[WHAT IS EXPECTED]:
From the listing that follows, output everything exactly except the pictures.

[INPUT DATA]:
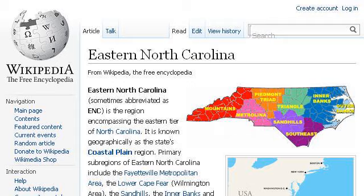If you don't find useful information on the previous sites, try en.wikipedia.org — the web page 'Eastern North Carolina - Wikipedia, the Free Encyclopedia.' This is the link.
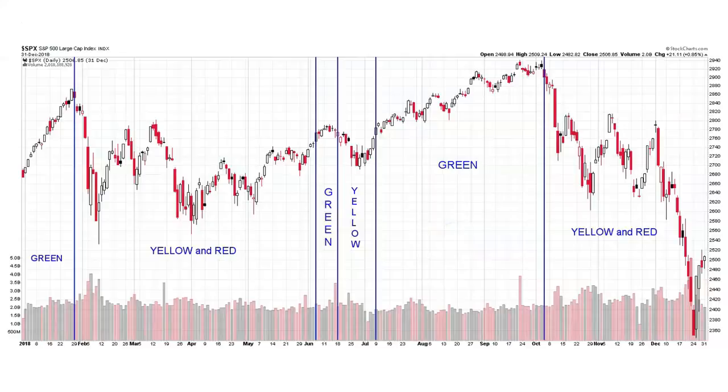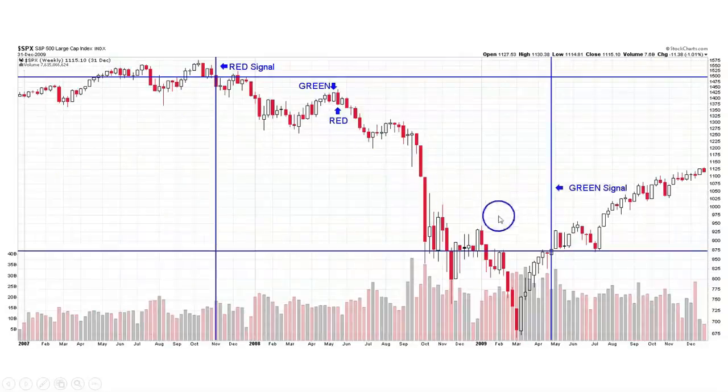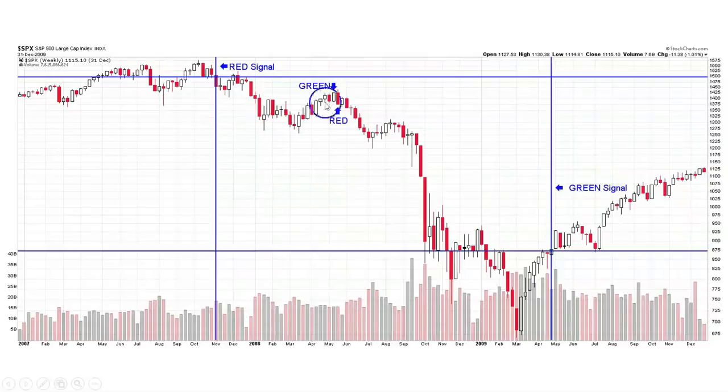A quick refresher on the Simple Market Signals weekly signals and how they can help you. The signals are green, yellow, and red. The green signal is the best risk-reward ratio for equity investors — the stock market makes most of its upward progress when the signal is green. The worst risk-reward ratio signal for equity investors is when the signal is red. Bear markets and the worst downturns in the stock market happen when the signal is red, such as during the 2007 through 2009 bear market.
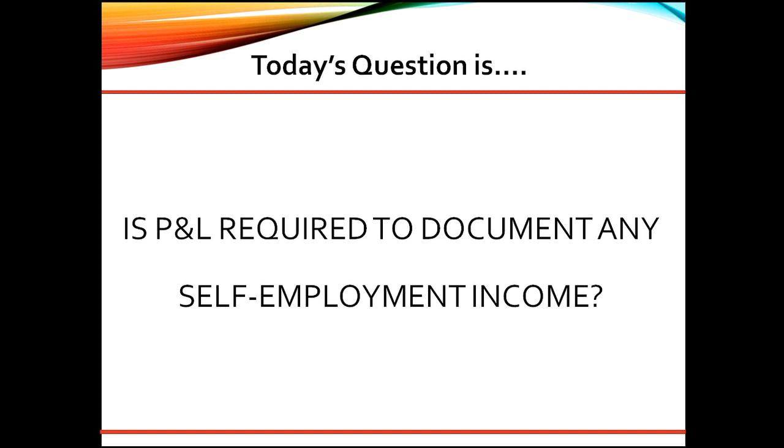Great question! As a senior underwriter, here are my thoughts. Year-to-date P&L is typically not required for most businesses. However, if the loan application is dated more than 120 days after the end of the business tax year, the lender may require year-to-date P&L in order to verify the business income stability.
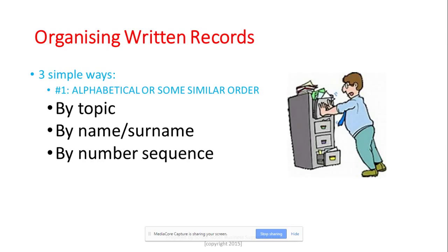Now we move on to written records — documents you may not need anymore, or may need sometime in the future, but don't want to throw away. One simple way of organizing them is alphabetical or sequential ordering. You can alphabetically arrange them by topic, by surname, or by name, depending on whether you deal with a lot of people in your business, or by using a number sequence.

[REPLY]:
If you don't find useful information on the previous sites, try en.wikipedia.org — the web page 'Eastern North Carolina - Wikipedia, the Free Encyclopedia.' This is the link.
A quick refresher on the Simple Market Signals weekly signals and how they can help you. The signals are green, yellow, and red. The green signal is the best risk-reward ratio for equity investors — the stock market makes most of its upward progress when the signal is green. The worst risk-reward ratio signal for equity investors is when the signal is red. Bear markets and the worst downturns in the stock market happen when the signal is red, such as during the 2007 through 2009 bear market.
Great question! As a senior underwriter, here are my thoughts. Year-to-date P&L is typically not required for most businesses. However, if the loan application is dated more than 120 days after the end of the business tax year, the lender may require year-to-date P&L in order to verify the business income stability.
Now we move on to written records — documents you may not need anymore, or may need sometime in the future, but don't want to throw away. One simple way of organizing them is alphabetical or sequential ordering. You can alphabetically arrange them by topic, by surname, or by name, depending on whether you deal with a lot of people in your business, or by using a number sequence.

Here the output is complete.